Originally Posted by kdt26417
It seems to me that sex is the great big elephant in the room that neither of you wants to mention out loud. Even if nothing can be done to fix it, I wonder if talking about it wouldn't be healthier because then at least you could express your feelings to each other about it. The unspoken has a way of growing and growing until it explodes.
Honesty is a great policy, but sadly, reality doesn't always reward it. People who are chronically ill can, at times, have difficulty dealing with yet another burden. Being reminded that their partner has sexual needs which are going unmet can make the ill partner feel pressured, guilty, sad, and even more hopeless. They don't choose to be ill, they don't wan't to be ill, but it is out of their control. A reminder that their partner's sexual choices are also out of their control can be overwhelming. They can become depressed, or angry, or overly apologetic; all natural responses but ones which put an equally unfair burden on the healthy person.

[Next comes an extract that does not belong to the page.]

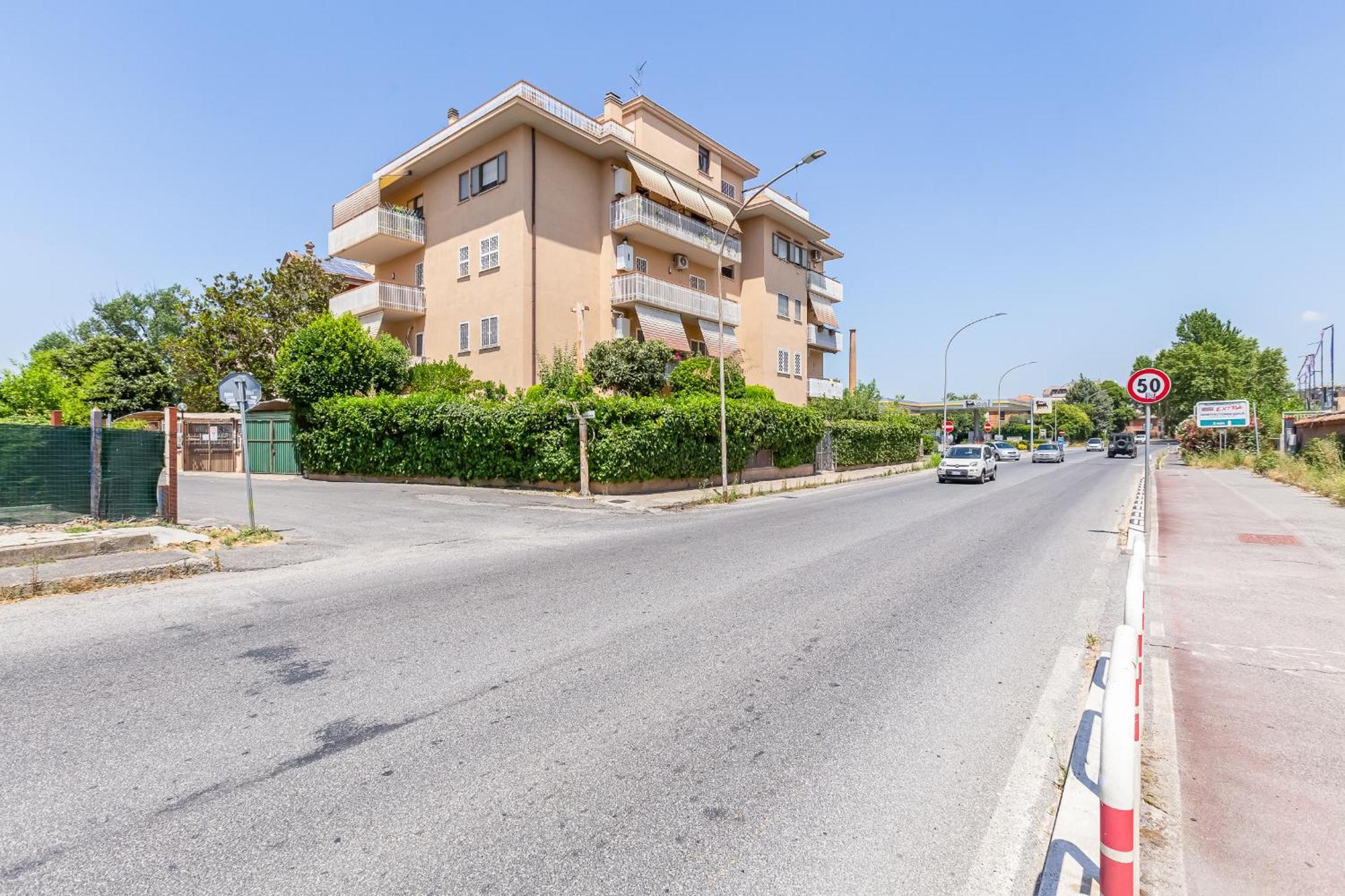 Homesweethome Near Rome มอนเตโรตอนโด ภายนอก รูปภาพ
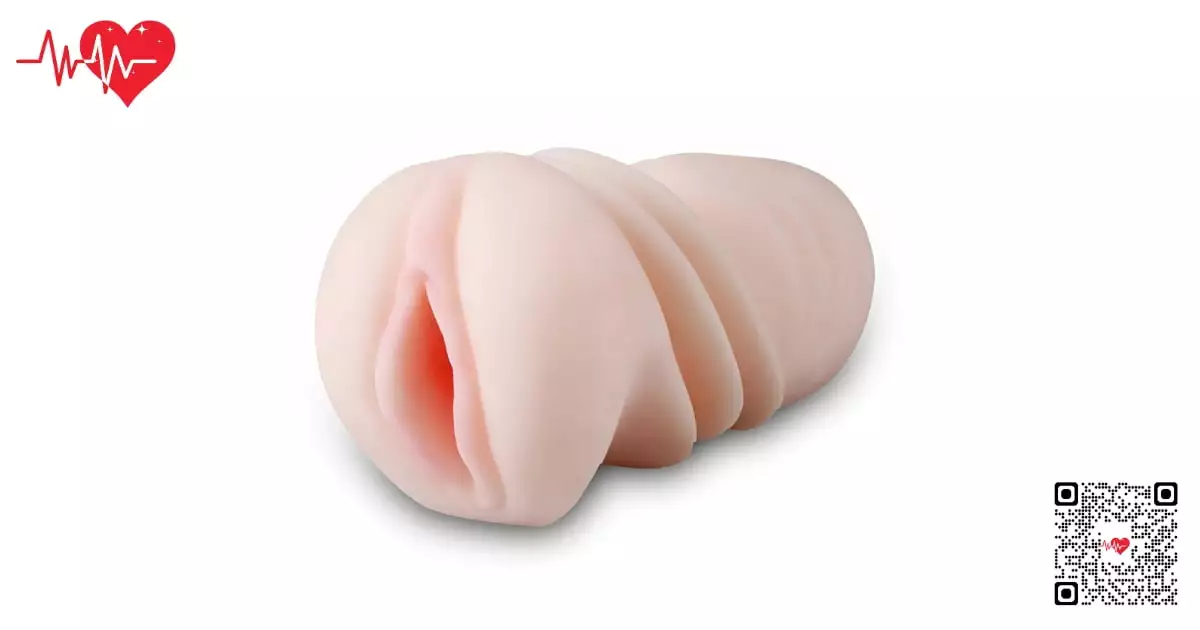 am-dao-gia-manmiao-cam-tay-tien-loi Âm đạo giả ManMiao cầm tay tiện lợi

Being in an open relationship, which should in theory give freedom, can in reality be almost worthless if by taking action you unintentionally rub your partner's nose in the fact that you have a freedom they do not, and that they can't truly feel happiness about.
Or in other words, that elephant in the room can crush both people if things go badly, and words are said which can't be forgotten.
Just some more thoughts, from my own experiences.